Description of how AVSKY is calculated

Description of how AVSKY is calculated

(Courtesy of Frank Valdes, NOIRLab)

AVSKY is measured in each CCD after standard detrending and before any pupil and sky structure subtraction. This is done by the Automatic Cataloging Environment (ACE) system I developed. For the purposes of this discussion you can think of it as a SExtractor type of thing. ACE does a very careful measurement of the background in an image excluding sources and any masked data. One result of this is the scalar quantity AVSKY which is the average of this sky image that captures the background structure at a scale of roughly 200 pixels and is then used as part of the global pattern structure removal.

So, in the \(ooi\) data products (which I believe is what is in the Legacy Survey Data Release 2 catalog) each CCD has a different value of AVSKY and will vary due to gradients, the pupil reflections, and residual gain errors (corrected further later with a dark sky flat field). In the oki data products which apply a local sky subtraction (in a sense similar to what the Tractor does) the AVSKY value is the average of all the individual CCD values and is a global header parameter. The \(oki\) data also has the same effect of removing light around big/bright sources in a CCD while the ooi data by itself is less affected until sources are on the scale of a whole CCD or more.

The keyword SKYSUB is the average value of the sky across all CCDs after pupil pattern and large scale background surface fit to remove gradients and other non-local structure. The final sky that is derived and subtracted has the zeroth order term (the mean=SKYSUB) removed in order to leave the data with approximately the same count level.

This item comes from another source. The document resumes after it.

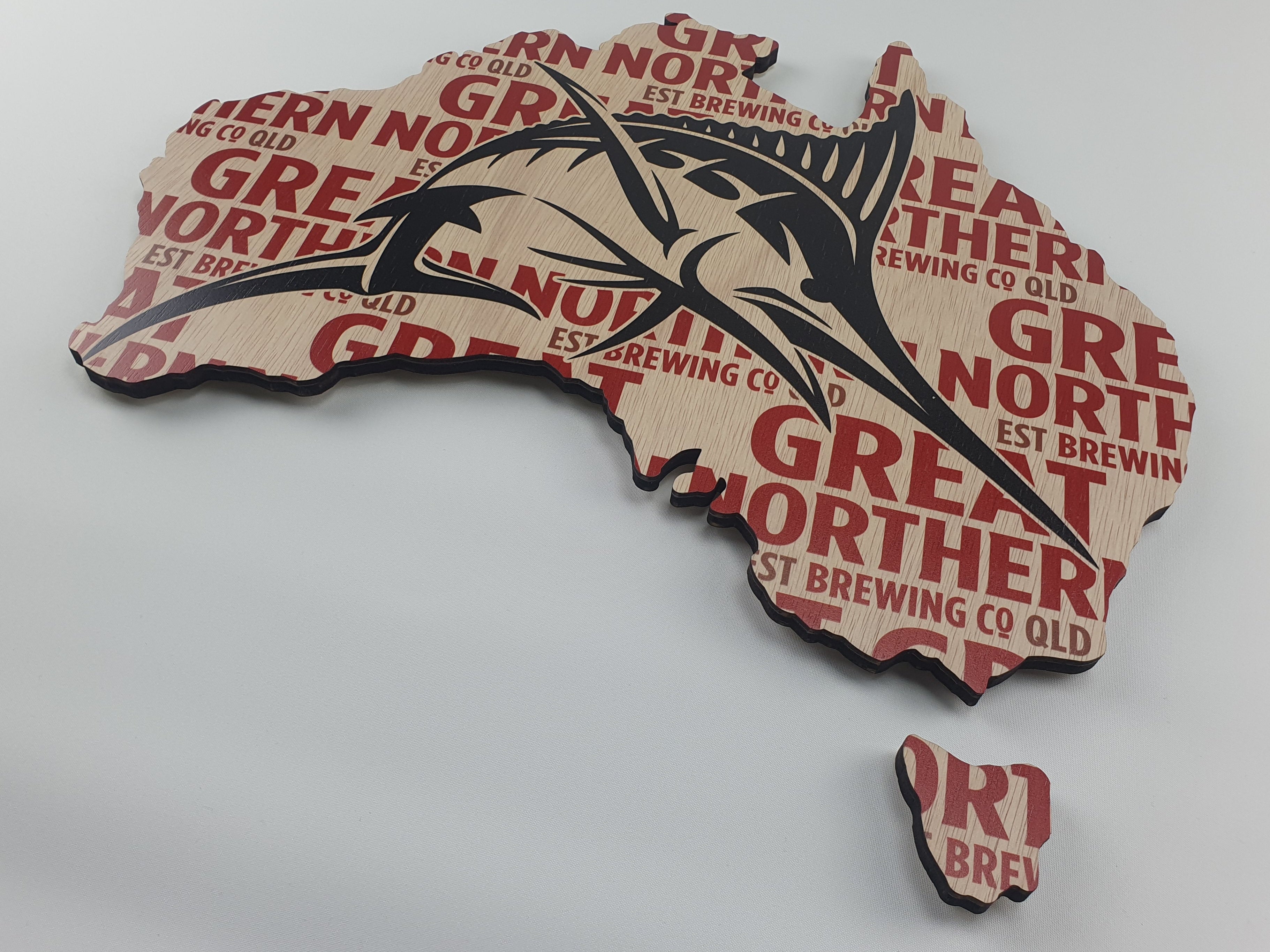 Australia Wood Print Map - Logo Request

I now realize that it is an oversight that there is no measure of the per CCD background after the pupil and low order background structure removal. In other words AVSKY should probably be corrected by the average of whatever correction is applied in each CCD but that is not currently the case. In as much as these large pattern subtraction steps bring the focal plane to a uniform background, SKYSUB is the best background value and AVSKY - SKYSUB would be a crude measure of the background pattern removed. Of course, whatever is done at the Tractor level with background would also not be represented in the AVSKY values.

I would also note that exposures taken with a bright moon, typically in the \(z\)-band, there can be a fairly strong background gradient and structure. Also the pupil pattern is significant in \(g\) and \(z\) and can reach amplitudes of several percent of sky.